- Dataset records:
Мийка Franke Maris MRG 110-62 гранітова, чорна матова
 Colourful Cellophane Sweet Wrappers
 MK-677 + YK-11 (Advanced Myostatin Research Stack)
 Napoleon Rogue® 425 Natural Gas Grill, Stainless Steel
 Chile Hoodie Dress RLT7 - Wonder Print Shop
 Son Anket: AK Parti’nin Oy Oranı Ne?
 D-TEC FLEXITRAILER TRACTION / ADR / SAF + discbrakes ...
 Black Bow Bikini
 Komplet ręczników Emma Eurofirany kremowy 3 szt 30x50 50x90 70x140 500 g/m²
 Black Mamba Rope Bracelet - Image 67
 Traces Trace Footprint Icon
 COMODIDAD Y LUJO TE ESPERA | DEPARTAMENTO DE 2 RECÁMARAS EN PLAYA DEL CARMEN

- Task instructions: Only the lines from the one with "Komplet ręczników Emma" through the last line of the records belong in the answer, each copied exactly.

- Solution to this exercise:
 Komplet ręczników Emma Eurofirany kremowy 3 szt 30x50 50x90 70x140 500 g/m²
 Black Mamba Rope Bracelet - Image 67
 Traces Trace Footprint Icon
 COMODIDAD Y LUJO TE ESPERA | DEPARTAMENTO DE 2 RECÁMARAS EN PLAYA DEL CARMEN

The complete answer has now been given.